Lawyers entangled in the court-ordered receivership of Lansing marijuana giant Skymint continue to battle over the company’s finances.
The alleged trouble stems from Skymint‘s $78 million acquisition of Birmingham-based competitor 3Fifteen Cannabis in April 2022.
Skymint, which primarily operates under the parent company of Green Peak Innovations Inc., owes more than $127 million to Canadian investment firm Tropics LP tied to the acquisition. Tropics has since come on as the primary funder of operations as Skymint works through receivership. But the minority lender in the acquisition, New York-based cannabis investment firm Merida Capital Holdings and a majority shareholder in 3Fifteen, is challenging whether its stores should be involved in the receivership at all.
Its lawyers have sought on several occasions to disjoin the company from the court-order receivership, despite the acquisition closing more than a year ago.
In the days prior to Skymint entering receivership, 3Fifteen Cannabis retook control of several stores acquired by Skymint, including dispensaries in Hamtramck, Grand Rapids, Camden and two in Battle Creek, according to court records.
But the circuit court judge in Ingham County ordered 3Fifteen to cede control back to Skymint, according to court records, as well as return control of bank accounts with nearly $500,000 in funds to Skymint.
Lawyers for Skymint and the receiver argued in a court hearing last week that 3Fifteen had not returned the bank accounts and should be held in contempt of court. 3Fifteen’s lawyers argued the order should be reversed and control of those stores and accounts should remain in 3Fifteen’s control.
“(The March 29 order) … required a return to the status quo, required return of money that was improperly taken, and so if you were to enter a stay of that March 29 order, it would reignite the chaos and the smash-and-grab tactics that we sought this court’s intervention and protection for,” David Dragich, partner at The Dragich Law Firm PLLC and attorney for the receiver in the case, argued in the hearing to the judge.
According to arguments in the hearing, 3Fifteen had used more than $600,000 from the accounts in question at Live Life Credit Union to pay leases and payments linked to the acquisition.
“What we want from the stay pending appeal is these locations to be shut down,” Max Newman, partner at law firm Butzel Long and attorney for 3Fifteen, argued in the hearing. “Smash-and-grab is what the other side is doing, and particularly how we see Tropics and Skymint. These operations under Skymint’s management, and I’d call it mismanagement, are losing hundreds of thousands of dollars a month …”

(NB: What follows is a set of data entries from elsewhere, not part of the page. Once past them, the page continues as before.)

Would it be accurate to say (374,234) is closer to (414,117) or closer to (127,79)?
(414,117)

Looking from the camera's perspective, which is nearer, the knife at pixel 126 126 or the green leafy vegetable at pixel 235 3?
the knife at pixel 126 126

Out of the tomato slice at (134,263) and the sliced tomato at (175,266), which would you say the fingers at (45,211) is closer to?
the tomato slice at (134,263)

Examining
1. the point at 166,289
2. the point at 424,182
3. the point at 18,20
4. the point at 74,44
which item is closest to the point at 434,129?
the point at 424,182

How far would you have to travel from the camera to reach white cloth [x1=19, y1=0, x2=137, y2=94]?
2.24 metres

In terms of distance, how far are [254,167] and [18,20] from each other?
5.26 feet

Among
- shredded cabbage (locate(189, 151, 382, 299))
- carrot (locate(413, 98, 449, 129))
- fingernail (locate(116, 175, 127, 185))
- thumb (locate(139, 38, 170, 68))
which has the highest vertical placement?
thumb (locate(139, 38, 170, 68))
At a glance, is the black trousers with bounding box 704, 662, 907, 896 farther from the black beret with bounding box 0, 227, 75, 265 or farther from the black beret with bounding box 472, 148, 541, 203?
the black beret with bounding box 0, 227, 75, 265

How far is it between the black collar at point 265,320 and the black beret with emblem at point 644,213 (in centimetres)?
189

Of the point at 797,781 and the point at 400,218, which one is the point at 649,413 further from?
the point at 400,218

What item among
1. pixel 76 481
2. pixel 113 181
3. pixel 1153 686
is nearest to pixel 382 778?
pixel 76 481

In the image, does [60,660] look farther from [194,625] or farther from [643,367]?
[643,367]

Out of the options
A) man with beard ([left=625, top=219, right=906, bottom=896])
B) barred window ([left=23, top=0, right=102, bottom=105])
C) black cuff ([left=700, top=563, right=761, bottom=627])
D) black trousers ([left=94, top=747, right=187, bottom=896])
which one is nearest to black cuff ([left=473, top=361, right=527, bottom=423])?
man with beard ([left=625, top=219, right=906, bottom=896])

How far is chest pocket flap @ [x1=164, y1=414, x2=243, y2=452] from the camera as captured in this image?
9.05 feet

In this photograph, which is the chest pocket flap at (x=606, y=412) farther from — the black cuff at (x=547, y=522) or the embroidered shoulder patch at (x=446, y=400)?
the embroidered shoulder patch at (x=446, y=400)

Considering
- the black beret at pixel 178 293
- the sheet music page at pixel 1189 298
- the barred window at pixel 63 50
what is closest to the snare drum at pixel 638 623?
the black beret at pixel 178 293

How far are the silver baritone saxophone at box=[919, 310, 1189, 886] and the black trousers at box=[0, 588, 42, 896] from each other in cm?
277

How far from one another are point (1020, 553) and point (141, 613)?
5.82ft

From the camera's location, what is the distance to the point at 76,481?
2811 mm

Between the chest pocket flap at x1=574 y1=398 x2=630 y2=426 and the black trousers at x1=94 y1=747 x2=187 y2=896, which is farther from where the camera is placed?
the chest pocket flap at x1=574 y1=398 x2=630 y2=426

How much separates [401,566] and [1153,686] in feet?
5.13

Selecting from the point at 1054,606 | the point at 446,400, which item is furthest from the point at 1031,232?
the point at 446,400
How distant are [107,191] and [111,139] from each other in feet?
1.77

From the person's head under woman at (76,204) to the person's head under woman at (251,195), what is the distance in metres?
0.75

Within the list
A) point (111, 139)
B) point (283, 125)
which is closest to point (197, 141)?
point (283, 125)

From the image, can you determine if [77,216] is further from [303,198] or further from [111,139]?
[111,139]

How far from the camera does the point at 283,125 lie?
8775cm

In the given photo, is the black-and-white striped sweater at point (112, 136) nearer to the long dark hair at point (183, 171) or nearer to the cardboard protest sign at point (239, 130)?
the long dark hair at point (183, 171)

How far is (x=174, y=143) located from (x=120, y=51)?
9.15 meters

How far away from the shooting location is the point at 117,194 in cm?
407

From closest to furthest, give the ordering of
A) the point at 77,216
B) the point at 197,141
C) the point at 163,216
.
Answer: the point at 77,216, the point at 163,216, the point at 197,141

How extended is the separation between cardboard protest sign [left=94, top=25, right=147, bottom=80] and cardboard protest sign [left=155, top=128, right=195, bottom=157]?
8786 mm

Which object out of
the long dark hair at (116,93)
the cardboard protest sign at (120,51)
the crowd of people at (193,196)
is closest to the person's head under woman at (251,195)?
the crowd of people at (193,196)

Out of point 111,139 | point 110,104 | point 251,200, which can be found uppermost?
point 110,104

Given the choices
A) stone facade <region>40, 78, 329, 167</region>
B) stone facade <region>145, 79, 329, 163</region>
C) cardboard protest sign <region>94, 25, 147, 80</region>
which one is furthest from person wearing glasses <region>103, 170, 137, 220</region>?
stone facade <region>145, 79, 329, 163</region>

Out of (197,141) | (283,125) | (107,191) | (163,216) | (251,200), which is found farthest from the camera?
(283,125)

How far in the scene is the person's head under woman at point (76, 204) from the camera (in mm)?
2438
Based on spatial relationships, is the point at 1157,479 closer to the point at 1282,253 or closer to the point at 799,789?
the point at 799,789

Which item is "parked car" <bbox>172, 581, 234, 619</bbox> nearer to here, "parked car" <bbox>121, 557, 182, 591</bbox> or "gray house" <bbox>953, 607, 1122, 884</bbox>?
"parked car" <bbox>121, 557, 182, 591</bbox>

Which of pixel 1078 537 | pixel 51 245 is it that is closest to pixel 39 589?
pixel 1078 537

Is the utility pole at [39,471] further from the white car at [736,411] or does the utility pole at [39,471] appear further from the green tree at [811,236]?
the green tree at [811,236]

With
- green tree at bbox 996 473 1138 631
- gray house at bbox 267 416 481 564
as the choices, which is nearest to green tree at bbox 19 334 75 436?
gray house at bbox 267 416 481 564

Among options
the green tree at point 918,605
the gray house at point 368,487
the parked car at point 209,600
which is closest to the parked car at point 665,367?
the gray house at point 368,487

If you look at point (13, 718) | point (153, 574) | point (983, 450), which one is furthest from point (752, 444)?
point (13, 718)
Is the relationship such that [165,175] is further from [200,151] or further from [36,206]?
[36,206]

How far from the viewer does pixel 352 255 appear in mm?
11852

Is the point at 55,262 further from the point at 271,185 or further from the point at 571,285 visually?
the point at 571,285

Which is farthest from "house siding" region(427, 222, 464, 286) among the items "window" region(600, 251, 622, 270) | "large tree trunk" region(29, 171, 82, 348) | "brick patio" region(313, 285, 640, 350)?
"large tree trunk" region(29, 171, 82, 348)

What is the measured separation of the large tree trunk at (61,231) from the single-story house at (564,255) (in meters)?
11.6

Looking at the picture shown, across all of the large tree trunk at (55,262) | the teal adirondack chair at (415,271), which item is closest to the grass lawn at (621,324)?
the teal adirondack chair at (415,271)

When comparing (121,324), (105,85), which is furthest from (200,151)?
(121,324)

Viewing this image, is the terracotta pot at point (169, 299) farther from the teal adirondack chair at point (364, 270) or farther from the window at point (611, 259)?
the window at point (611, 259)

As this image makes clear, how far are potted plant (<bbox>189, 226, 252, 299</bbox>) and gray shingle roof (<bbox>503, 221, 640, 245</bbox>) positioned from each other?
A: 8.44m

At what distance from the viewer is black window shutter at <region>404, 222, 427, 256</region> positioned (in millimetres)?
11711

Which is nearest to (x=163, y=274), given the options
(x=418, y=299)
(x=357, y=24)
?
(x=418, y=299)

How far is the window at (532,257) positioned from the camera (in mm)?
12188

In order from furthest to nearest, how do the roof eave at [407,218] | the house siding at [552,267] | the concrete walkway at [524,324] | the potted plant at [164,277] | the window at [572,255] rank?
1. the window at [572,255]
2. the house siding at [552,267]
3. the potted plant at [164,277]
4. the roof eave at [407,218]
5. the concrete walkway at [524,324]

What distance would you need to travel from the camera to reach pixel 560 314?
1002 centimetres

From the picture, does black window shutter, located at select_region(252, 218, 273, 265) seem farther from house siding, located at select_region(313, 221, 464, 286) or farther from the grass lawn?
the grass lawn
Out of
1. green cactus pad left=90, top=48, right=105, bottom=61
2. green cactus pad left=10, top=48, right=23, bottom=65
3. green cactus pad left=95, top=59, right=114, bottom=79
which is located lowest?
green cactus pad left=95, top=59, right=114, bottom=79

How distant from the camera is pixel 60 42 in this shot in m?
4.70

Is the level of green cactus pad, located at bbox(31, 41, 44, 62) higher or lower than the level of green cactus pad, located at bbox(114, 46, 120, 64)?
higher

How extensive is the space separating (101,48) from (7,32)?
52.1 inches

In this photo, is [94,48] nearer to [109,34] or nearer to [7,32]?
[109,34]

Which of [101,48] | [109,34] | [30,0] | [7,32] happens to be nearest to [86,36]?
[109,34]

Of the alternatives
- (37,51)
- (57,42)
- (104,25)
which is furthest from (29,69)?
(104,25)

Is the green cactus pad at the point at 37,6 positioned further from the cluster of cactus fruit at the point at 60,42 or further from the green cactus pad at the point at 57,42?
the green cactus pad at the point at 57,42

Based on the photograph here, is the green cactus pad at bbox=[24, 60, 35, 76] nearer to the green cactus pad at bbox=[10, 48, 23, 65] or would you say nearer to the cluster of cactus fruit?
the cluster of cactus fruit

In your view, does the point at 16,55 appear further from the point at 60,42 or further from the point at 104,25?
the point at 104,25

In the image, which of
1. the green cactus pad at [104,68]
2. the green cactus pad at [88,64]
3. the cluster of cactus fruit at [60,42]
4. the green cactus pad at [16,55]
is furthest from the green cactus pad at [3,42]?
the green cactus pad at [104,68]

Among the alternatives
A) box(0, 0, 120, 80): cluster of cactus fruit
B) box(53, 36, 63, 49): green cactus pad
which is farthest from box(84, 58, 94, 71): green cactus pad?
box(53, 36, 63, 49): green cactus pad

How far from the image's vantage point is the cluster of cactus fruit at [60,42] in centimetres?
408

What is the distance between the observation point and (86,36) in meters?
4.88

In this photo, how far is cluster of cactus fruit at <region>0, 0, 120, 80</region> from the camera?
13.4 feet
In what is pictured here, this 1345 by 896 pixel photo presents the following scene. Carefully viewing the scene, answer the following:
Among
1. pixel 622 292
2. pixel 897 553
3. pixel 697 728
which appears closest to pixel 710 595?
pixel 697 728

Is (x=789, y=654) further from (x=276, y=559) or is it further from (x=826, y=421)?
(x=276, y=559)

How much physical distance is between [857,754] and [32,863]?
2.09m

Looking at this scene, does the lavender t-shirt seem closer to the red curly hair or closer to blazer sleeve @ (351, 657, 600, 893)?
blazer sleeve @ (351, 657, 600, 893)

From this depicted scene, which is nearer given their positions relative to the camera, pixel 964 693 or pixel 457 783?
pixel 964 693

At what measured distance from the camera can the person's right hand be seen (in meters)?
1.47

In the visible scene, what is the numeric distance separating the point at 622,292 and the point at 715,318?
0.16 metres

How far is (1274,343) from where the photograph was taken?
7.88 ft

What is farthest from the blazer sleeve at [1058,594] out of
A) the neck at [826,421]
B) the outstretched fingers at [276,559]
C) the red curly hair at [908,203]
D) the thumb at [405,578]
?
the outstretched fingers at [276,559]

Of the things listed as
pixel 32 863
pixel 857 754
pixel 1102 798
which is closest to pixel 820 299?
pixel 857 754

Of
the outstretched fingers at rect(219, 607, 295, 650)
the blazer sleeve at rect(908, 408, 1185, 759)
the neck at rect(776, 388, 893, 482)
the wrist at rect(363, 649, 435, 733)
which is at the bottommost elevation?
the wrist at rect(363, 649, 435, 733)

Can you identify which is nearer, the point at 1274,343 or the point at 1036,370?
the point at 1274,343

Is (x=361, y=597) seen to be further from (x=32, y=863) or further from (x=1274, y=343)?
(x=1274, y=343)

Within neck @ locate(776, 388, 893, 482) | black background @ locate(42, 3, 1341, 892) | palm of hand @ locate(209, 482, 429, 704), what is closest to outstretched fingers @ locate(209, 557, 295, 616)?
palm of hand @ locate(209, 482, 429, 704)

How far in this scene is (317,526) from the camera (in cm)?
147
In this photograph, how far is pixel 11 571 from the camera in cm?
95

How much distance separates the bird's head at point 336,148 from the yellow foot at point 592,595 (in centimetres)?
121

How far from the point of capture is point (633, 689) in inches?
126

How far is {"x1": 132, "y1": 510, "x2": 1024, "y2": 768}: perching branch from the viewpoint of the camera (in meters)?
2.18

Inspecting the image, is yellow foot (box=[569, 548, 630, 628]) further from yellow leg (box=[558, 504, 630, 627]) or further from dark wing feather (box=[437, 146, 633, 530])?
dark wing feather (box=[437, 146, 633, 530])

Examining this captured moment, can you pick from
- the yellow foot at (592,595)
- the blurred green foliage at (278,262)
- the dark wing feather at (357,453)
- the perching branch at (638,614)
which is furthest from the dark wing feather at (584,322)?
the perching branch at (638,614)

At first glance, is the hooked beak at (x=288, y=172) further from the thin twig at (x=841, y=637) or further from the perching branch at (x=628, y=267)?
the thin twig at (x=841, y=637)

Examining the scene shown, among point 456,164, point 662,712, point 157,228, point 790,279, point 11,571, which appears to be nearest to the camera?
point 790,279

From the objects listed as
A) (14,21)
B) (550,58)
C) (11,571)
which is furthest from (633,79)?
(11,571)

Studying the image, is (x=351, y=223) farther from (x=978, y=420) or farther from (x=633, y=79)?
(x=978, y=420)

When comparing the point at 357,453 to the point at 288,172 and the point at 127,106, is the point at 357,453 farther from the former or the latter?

3Fifteen and Merida accused Skymint’s former CEO Jeff Radway of several misdeeds, including using the company as his personal piggy bank in several extramarital affairs. Radway left the company on an “indefinite leave of absence” on April 7, according to an email to employees from Jeff Donahue, Skymint’s executive vice president and general counsel, that was obtained by Crain’s.
The Ingham County judge, however, did not buy into 3Fifteen’s claims that it should be separated from the receivership or authorize an appeal in another court and refused to reverse the March 29 order, according to the transcript from the May 3 hearing.
“The March 29 order restored the status quo and, again, 3Ffiteen isn’t asking for a stay that would just stop this case from proceeding, they’re asking to reverse parts of the March 29 order,” Judge Joyce Draganchuk said in the hearing. “So I think in balancing harms, there would be greater harm in granting the stay than in not … in my view, businesses should not be thrown into upheaval and the order appointing a receiver and the March 29 order stabilizes the businesses and allows them to continue in smooth operations.”
And with that, the judge denied 3Fifteen’s request. The judge also denied 3Fifteen’s request to enter arbitration over the purchase agreement with Skymint.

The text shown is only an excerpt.